The amount you can get charged can vary based on your site’s consumption and the government rate set at the time. The government sets the rate for every financial year - the rates were frozen from April 2021 to March 2026.

Day rate / Night rate

Your consumption is charged at different rates depending on when you use electricity. A higher "day rate" applies during peak hours (07:00 - 00:00) and a lower "night rate" during off-peak hours (00:00 - 07:00). Both include the cost of power, as well as some industry charges, including electricity distribution, keeping the transmission grid balanced, and government energy initiatives.

Your monthly bill reflects the mix of when you use electricity. Your usage during the day versus night hours.

Excess capacity

If your site uses more energy in any half-hour period than your agreed supply capacity, an excess capacity charge applies. It reflects the additional strain on the network beyond what you're contracted for.

This amount will depend on how much additional energy beyond your agreed capacity level is used and is based on rates set by the local Distribution Network Operator (DNO), which are reviewed annually.

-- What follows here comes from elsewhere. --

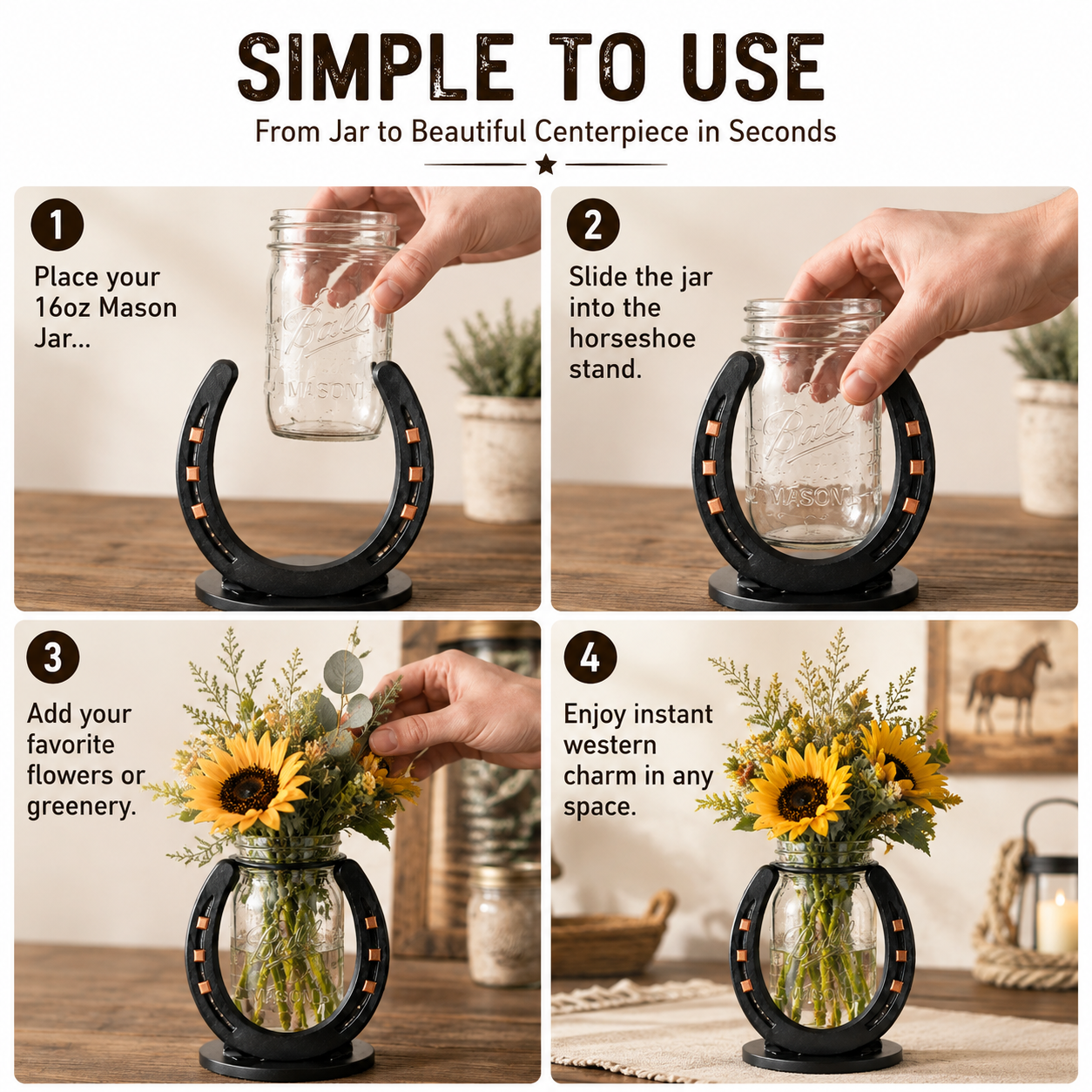 Horse shoe Flower Mason Jar Vase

Keeping your agreed capacity at the right level - or managing demand to stay within it - can reduce or remove this charge.

Meter charges (standard)

A charge covering the ongoing work of the MOP (meter operator), DC (data collector), DA (data aggregator), and MAP (meter asset provider) to cover things like meter maintenance, managing data flows, and meter rental.

Rates are set by the appointed MOP, DC, DA, and MAP and can vary based on meter type, voltage level and rental agreements.

If you have direct contracts with your own MOP, DC and DA, or if your meter isn't rented, you may be exempt from some or all of this charge.

Meter charges (site visit)

A one-off charge that applies when a meter technician visits your site in person. The purpose of the visit may include, for example, investigating a meter fault, carrying out a physical inspection, exchanging a meter, or collecting a reading. Unlike standard meter charges (which cover ongoing services), this only applies when a physical visit is needed.

If you have direct contracts with your own MOP and DC, you may be exempt from some or all of this charge.

Nuclear RAB (Regulated Asset Base) Levy

The Nuclear RAB levy is a government-mandated charge introduced in December 2025. It's designed to help fund the construction of new nuclear power stations, starting with Sizewell C.

The amount varies based on your contract type and site’s consumption. For some customers it appears as a separate charge on their invoice; for others it’s included within the day and night rates. Rates are set by the Low Carbon Contracts Company (LCCC) and are updated quarterly.

Reactive power

Reactive Power is the energy your site draws from the grid but doesn't actually use. If your site wastes a lot of energy this way, it puts extra strain on the network - and this charge covers the cost of that. The rates are set by the local Distribution Network Operator (DNO).

Standing Charges

The standing charge primarily covers distribution-related costs for the maintenance and operation of local power lines and cables that deliver electricity to businesses and homes.

Local Distribution Network Operators (DNOs) set distribution charges annually - the primary factor that informs the standing charge pricing.

TNUoS (Transmission Network Use of System) Residual Banded Charges

TNUoS charges help pay for maintenance and upgrades to the UK’s high-voltage transmission network - the pylons and cables that move power from generators to local networks across the UK.

Rates are based on your site’s TNUoS tariff band or TCR (Targeted Charging Review) band, which is determined by your site’s maximum demand requirements. Rates are set annually by NESO (National Energy System Operator), based on their budget set by Ofgem.

Line Loss Factor Class (LLFC)

A site’s LLFC is a classification assigned by your Distribution Network Operator (DNO) based on how much energy is lost transporting electricity from the network to your meter. Your LLFC informs your site’s distribution charges.

LLFCs can change in response to network or industry regulatory changes.